Saturday, May 2nd, 2009 Nigel Jones

Today’s post was inspired by a new version notice from Dimitri van Heesch concerning his great documentation generator tool doxygen. If you aren’t aware of doxygen, then I strongly recommend reading about it and then using it.

So what is Doxygen exactly? Well it has a lot of capabilities, but in a nutshell it can parse your code (C, C++, Java and a host of others not usually used in the embedded space) and from it generate a very nice hyper-linked documentation set. It does this in part by looking for what I’ll call control directives embedded in comments. Now what I particularly like about Doxygen is that it allows you to trade off between adding control directives while still making your comments readable. For example, at one extreme you can do nothing special to your code and still end up with a reasonable documentation set. On the other extreme, you can embed so many control directives into your comments that the only sane way to read the comments is via Doxygen; however the documentation will be truly impressive! In my case, I find control directives to be very distracting, and so I opt to use a minimal set that doesn’t offend my sensibilities but still gives me very useful results.
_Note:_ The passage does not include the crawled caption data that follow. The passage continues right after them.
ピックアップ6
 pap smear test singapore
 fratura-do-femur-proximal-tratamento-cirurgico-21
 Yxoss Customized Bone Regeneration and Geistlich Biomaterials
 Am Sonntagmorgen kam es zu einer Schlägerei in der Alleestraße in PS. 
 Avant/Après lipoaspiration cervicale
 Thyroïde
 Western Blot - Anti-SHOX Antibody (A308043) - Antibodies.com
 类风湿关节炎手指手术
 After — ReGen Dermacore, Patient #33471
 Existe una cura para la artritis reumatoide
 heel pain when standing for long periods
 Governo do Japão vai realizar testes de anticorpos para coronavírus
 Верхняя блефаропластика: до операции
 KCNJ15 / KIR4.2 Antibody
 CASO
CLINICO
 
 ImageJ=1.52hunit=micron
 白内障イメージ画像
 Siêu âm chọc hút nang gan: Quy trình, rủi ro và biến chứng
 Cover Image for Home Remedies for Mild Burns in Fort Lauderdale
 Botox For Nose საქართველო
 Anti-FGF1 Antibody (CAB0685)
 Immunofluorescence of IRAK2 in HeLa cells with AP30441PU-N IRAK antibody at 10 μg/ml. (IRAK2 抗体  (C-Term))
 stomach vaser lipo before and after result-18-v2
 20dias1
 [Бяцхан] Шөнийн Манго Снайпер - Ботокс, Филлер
So why do I do this? Well while this documentation set is very nice in its own right, I actually find it very useful in improving my code. As remarkable a claim as this is, it’s easily substantiated. Here are a few examples:

Call Trees

One of the very nice add-ons to Doxygen is graphviz. Using graphviz, Doxygen will generate call trees for all of your functions. I often find this very illuminating – both at a macro level and also a micro level. At the macro level, if I see a call tree that looks like your average two years old’s art work, then it’s a clear indication of muddled thinking – and impending doom. At the micro level it allows you to spot some errors. For example consider this code fragment, that is intended to update a parameter in an EEPROM data structure, together with its backup copy:

void params_NosChargesSet(uint16_t nos_charges)
{
 Factory_Params1.n_charges = nos_charges;
 update_factory1_crc();
 Factory_Params2.n_charges = nos_charges;
 update_factory1_crc();
}

I found the bug in this code not by testing it, but by simply browsing the Doxygen documentation and noticing that the call tree for this function was incorrect. What I liked about this is that this kind of bug is very difficult to detect through testing, and will not be noticed by static analysis. It was however clear as day by looking at its call tree.

Missing documentation

Sometimes when I’m anxious to solve ‘the real problem’, I find that I’m not as diligent as I should be about describing the use of manifest constants, variables etc. As a result I’ll sometimes end up with code that looks like this:

#define SHORT_TERM_BUF_SIZE (8U) /**< meaningful comment */
#define LONG_TERM_BUF_SIZE (32U)

You’ll notice that LONG_TERM_BUF_SIZE has no comment associated with it. However, it’s “obvious” what its use is because of the comment associated with SHORT_TERM_BUF_SIZE that immediately precedes it. Well when you generate the Doxygen documentation, and you click on the hyperlink associated with LONG_TERM_BUF_SIZE, guess what – no description. While some may think that this is a weakness in Doxygen, I actually think it’s a major strength. Here’s why:

  • My coding standard requires me to provide a comment for all manifest constants. Thus it is reminding me of the error of my ways.
  • Someone new coming to the code will typically be overwhelmed by what they are faced with. Having an ‘implicit comment’ is just one more hurdle for them to overcome. Thus Doxygen is accurately reflecting what someone will see when they read your code.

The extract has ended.